Adam Hughes, the associate director of Data Labs at Pew Research Center, spoke to a packed audience on the connection between politics and social media. In his talk “Politics in the Trump Era,” Hughes analyzed data collected by the center from social networking sites in an effort to explain how current politics interact in these new public spheres.
The data that Hughes presented came from Facebook and Twitter, and Hughes focused on how both politicians’ and American citizens’ reactions to politics has changed since Donald Trump’s election in 2016.
“[The Facebook study] is focused on members of the US Congress and how they use Facebook. It will involve looking at every member of Congress over the three-year period, and then seeing where they talk on Facebook and how their online audiences react,” Hughes said. “The second project focuses on Twitter. About 23% of Americans use Twitter, and this project looks at discussion among ordinary [users] on social media.”

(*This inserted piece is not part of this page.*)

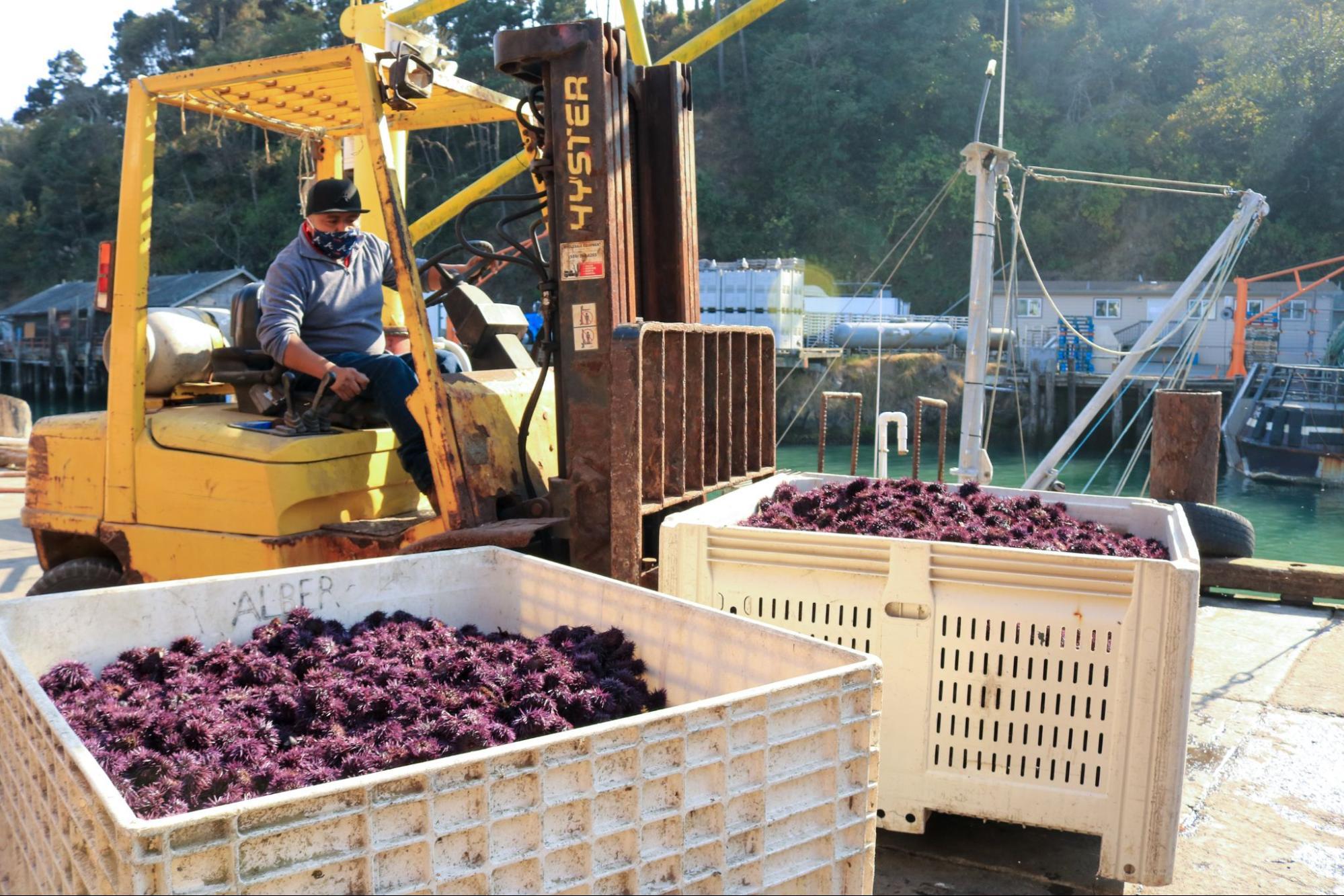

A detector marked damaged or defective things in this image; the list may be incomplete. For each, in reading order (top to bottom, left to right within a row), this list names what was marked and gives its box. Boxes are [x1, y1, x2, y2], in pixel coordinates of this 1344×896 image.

rusty forklift mast [495, 21, 775, 586]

The data for the Facebook study was gathered from January 2015 to September 2017 and a total of 700,000 posts were analyzed, Hughes explained. In order to analyze the data, 11,000 posts were categorized manually by how often these politicians criticize other congresspeople on the other side of the aisle.

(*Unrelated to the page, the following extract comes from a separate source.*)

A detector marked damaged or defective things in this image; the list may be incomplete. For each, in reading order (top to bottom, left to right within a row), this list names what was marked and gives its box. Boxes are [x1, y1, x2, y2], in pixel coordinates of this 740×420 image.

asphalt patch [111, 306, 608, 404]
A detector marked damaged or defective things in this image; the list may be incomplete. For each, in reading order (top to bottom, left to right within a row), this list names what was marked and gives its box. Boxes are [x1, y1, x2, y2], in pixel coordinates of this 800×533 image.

“We’re going to use a machine learning model to basically pick up on the patterns between the words used in the post and [the posts] humans hand classified,” Hughes explained. “Then apply those patterns to all of the other posts in the news. So even though we’re going to only code 11,000, we can use this algorithm to classify all of them.”
The center found that the Democrats in 115th congress, which were elected under the Trump administration, had a much higher percentage of posts in opposition to the other party than Republican congresspeople. Hughes explained that this is a large difference from the fairly equal amount of oppositional posts from Congress before the Trump era.
When looking at politics and social media on Twitter, Hughes explained that the center found that 80 percent of tweets came from just 10 percent of Twitter users, and of those, only 13 percent of tweets were about politics.
“We found a really large inequality, where the top 10 percent of political tweeters generate 97 percent of the national politics tweets. That means politics is really not that big of the topic of discussion on Twitter among all US adults,” Hughes said. “Totally is among journalists, totally is among news outlets, but among ordinary users, it’s not that common.”
Henry Morgan ’22, said that he was surprised at the data collected by the center, especially on how few people tweet about politics on Twitter when he felt it was much more prominent.
“It’s important to keep in mind that we see so many strong opinions on Twitter, [but] that’s only a small percentage of each side that has such strong opinions, and everyone else in the study was way more moderate,” Morgan said. “It’s just the most common arguments we see are coming from the extremes of both sides, and that’s not what the majority of people on either side actually agree on.”